Update: liquids, gas transmission and distribution projects
Mainline Capital Investment
On 4 Mar. 2025, Enbridge revealed plans to invest up to $2bn in the Mainline through 2028. Investments will be focused on further enhancing reliability and extending useful life of the Mainline so that it continues to operate safely and at full capacity to meet strong demand for years to come.
These Mainline investments are expected to earn attractive risk-adjusted returns within the Mainline Tolling Settlement and to enter service ratably through 2028.

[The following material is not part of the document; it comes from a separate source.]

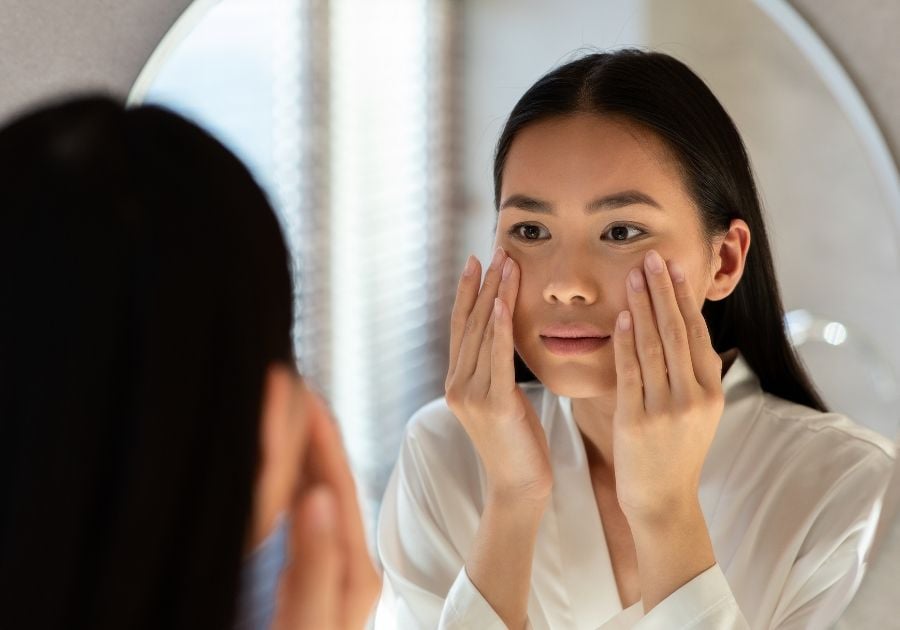 Trong mùa đông, bà bầu thường phải đối mặt với nhiều vấn đề về da do thời tiết lạnh, khô dẫn đến sự mất cân bằng độ ẩm và kích ứng da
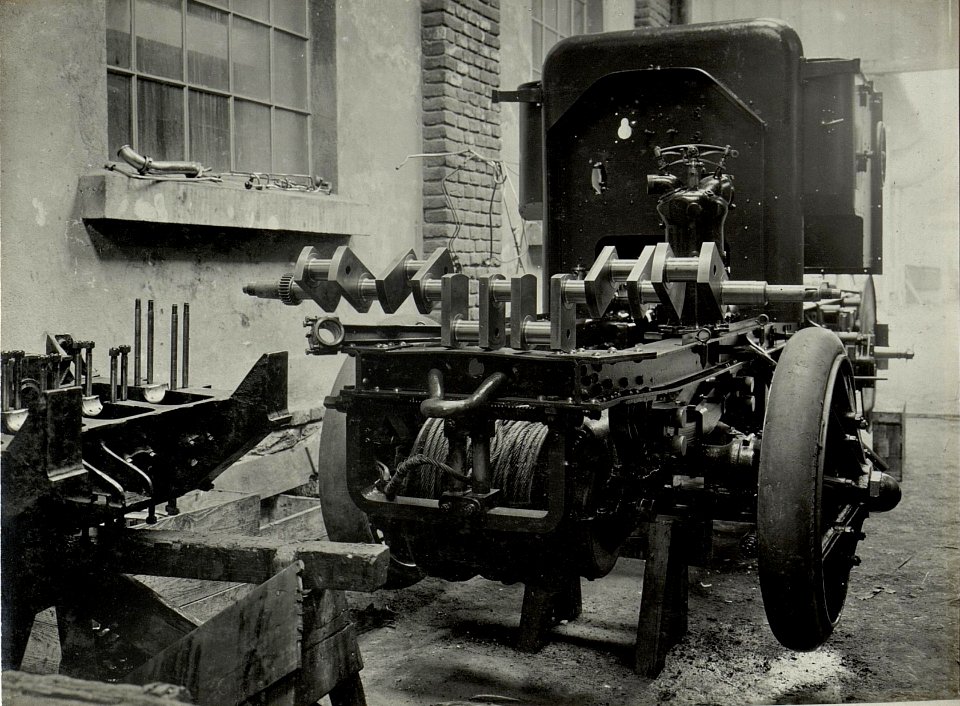 K.u.k.Kraftwagen Werkstätte in der Cellulosefabrik Villach. 30.5 cm Mörserzugwagen M. 12 in Reparatur. Vorderansicht. (BildID 15468263)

Flanagan South Open Season
Enbridge launched a binding open season for long-term contracted service on Flanagan South Pipeline for 100,000 barrel per day (b/d) of incremental capacity. The contracted capacity will be available under an International Joint Tariff, with receipts in Western Canada and delivery points to the US Gulf Coast via the Mainline, FSP, and Seaway pipelines.
The open season is being advanced in coordination with Mainline Optimization (Phase 1) discussions and, together with 50,000 b/d of existing un-contracted FSP capacity, will offer 150,000 b/d of full-path capacity to serve destinations across the US Gulf Coast for WCSB production growth.

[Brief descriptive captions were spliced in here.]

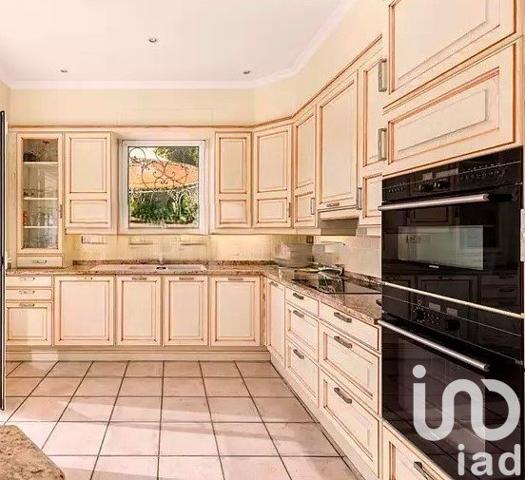 Maison à vendre 5 pièces 142 m² Mandelieu-la-Napoule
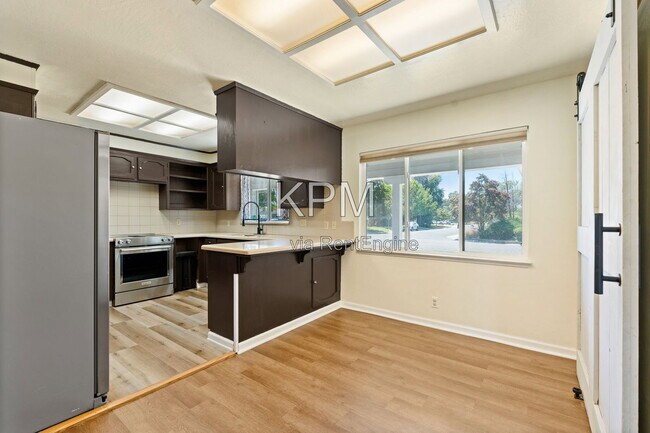 Building Photo - 2155 Portola Ave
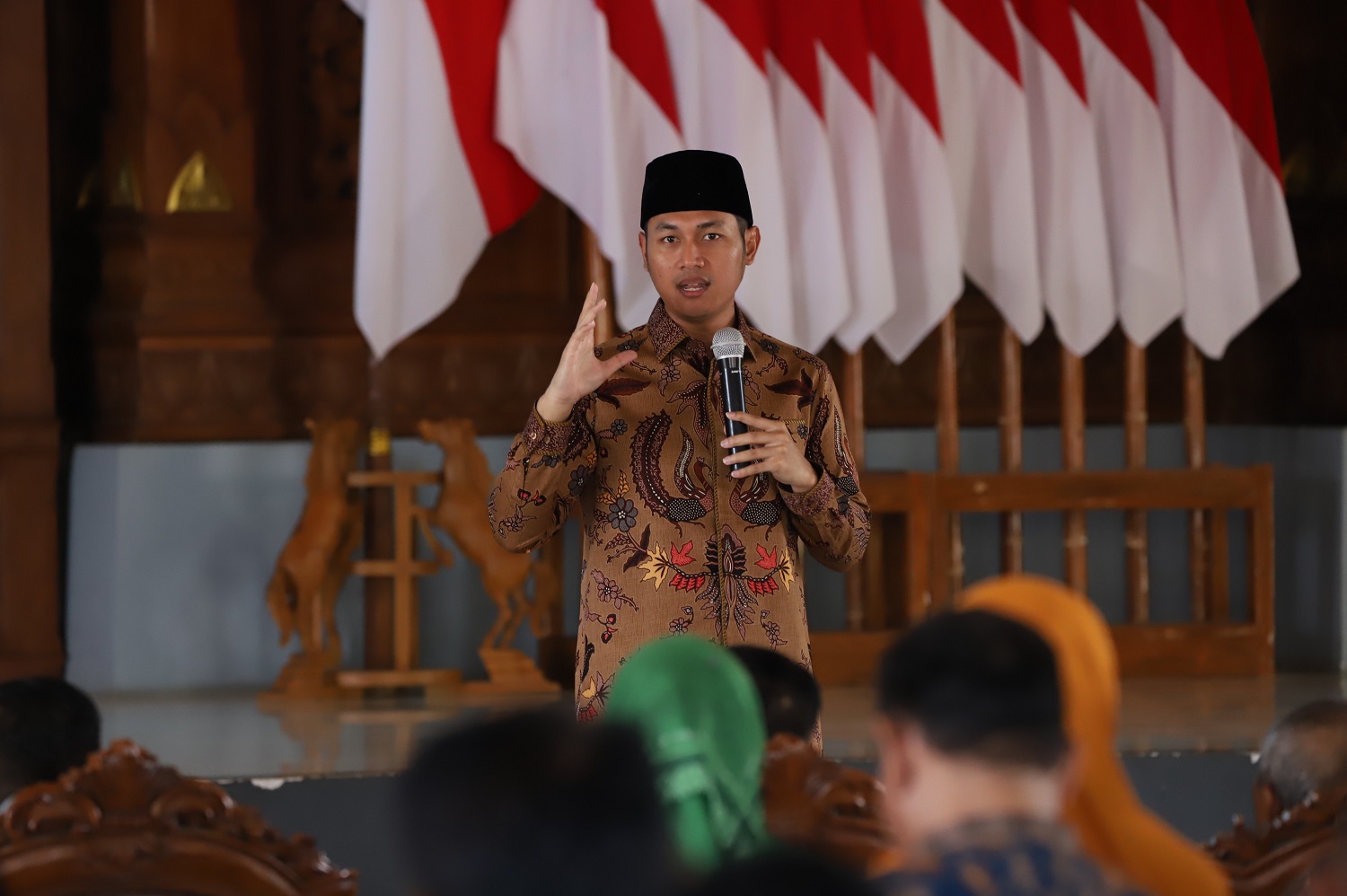 AJAK SELURUH KOMPONEN BERKOLABORASI: Bupati Aditya Halindra Faridzky memberikan arahan kepada pimpinan OPD, camat, kepala desa/lurah untuk meningkatkan penerimaan PBB-P2.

Matterhorn Express Pipeline
Enbridge has signed a definitive agreement to acquire a 10% non-operating equity interest in the operating Matterhorn Express natural gas pipeline for $0.3bn of cash consideration. MXP is a leading natural gas infrastructure asset providing 2.5 billion cubic feet per day (Bcf/d) of Permian egress to the Katy area in the US Gulf Coast region. Matterhorn benefits from growing liquefied natural gas (LNG) and Gulf Coast demand and is fully contracted under long-term agreements with predominantly investment grade counterparties. The acquisition is strategically aligned with Enbridge’s existing Permian assets.
The transaction is expected to close in the 2Q:25, subject to satisfaction of closing conditions.
Traverse Pipeline
On 3 Apr. 2025, Whitewater, MPLX, and Enbridge, through the Whistler Parent JV, reached a final investment decision (FID) to move forward with the Traverse Pipeline. The pipeline is a joint venture (JV) owned by the Whistler Parent JV (70% WI), Targa (17.5% WI), and MPLX (12.5% WI). This pipeline is designed to transport up to 1.8 Bcf/d of gas between Agua Dulce and the Katy area in Texas. Enbridge’s effective interest in Traverse Pipeline will be 13.3%.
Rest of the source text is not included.